In a new paper, Azar and co-authors Martin C. Schmalz and Isabel Tecu have uncovered a smoking gun. To test the hypothesis that institutional investors gain market power that results in higher prices, they examine airline routes. Although we think of airlines as independent companies, they are actually mostly owned by a small group of institutional investors. For example, United’s top five shareholders—all institutional investors—own 49.5 percent of the firm. Most of United’s largest shareholders also are the largest shareholders of Southwest, Delta, and other airlines. The authors show that airline prices are 3 percent to 11 percent higher than they would be if common ownership did not exist. That is money that goes from the pockets of consumers to the pockets of investors.

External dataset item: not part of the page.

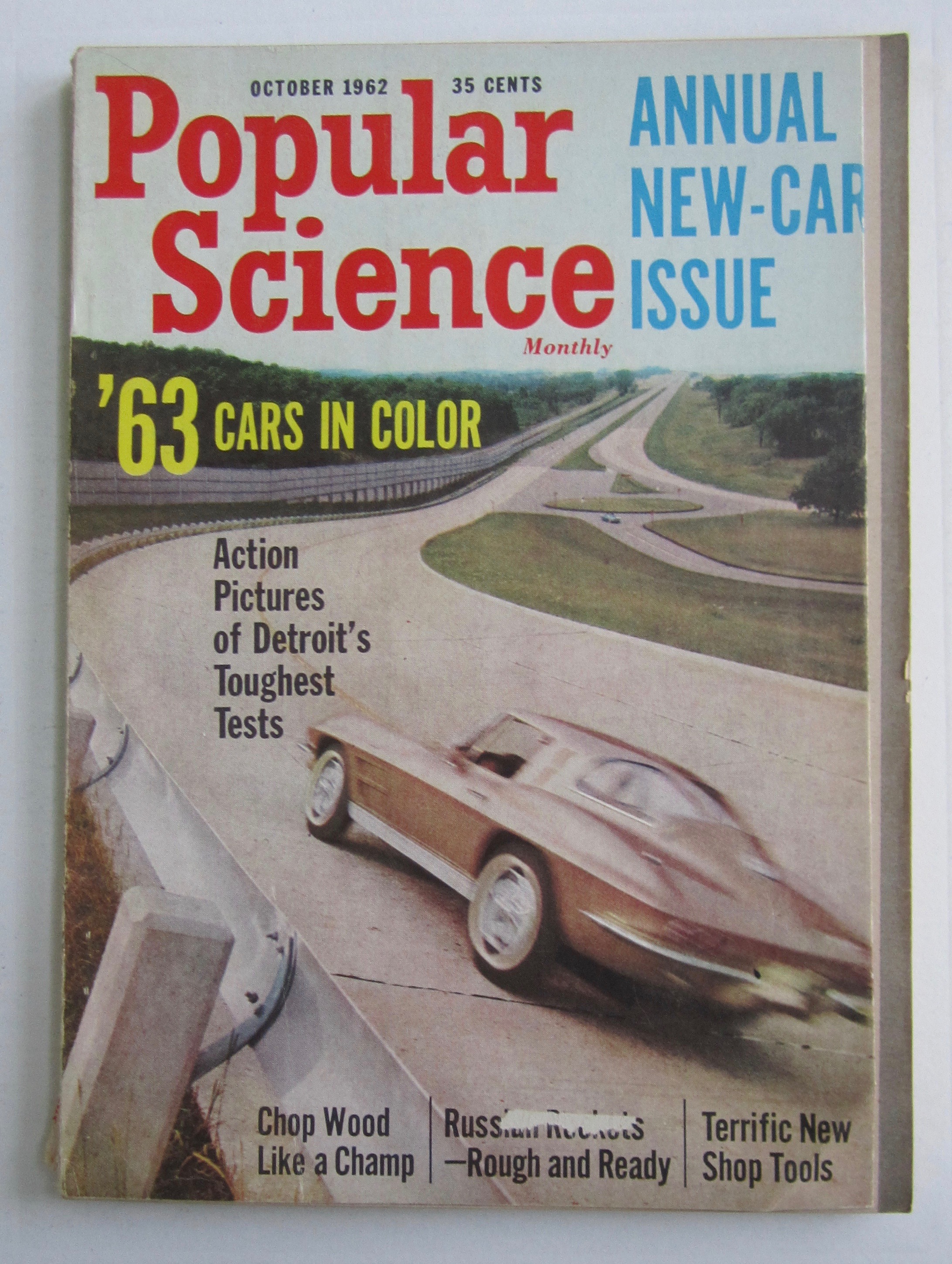 Popular Science Magazine-October 1962-Hydrofoil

How exactly might this work? It may be that managers of institutional investors put pressure on the managers of the companies that they own, demanding that they don’t try to undercut the prices of their competitors. If a mutual fund owns shares of United and Delta, and United and Delta are the only competitors on certain routes, then the mutual fund benefits if United and Delta refrain from price competition. The managers of United and Delta have no reason to resist such demands, as they, too, as shareholders of their own companies, benefit from the higher profits from price-squeezed passengers. Indeed, it is possible that managers of corporations don’t need to be told explicitly to overcharge passengers because they already know that it’s in their bosses’ interest, and hence their own. Institutional investors can also get the outcomes they want by structuring the compensation of managers in subtle ways. For example, they can reward managers based on the stock price of their own firms—rather than benchmarking pay against how well they perform compared with industry rivals—which discourages managers from competing with the rivals.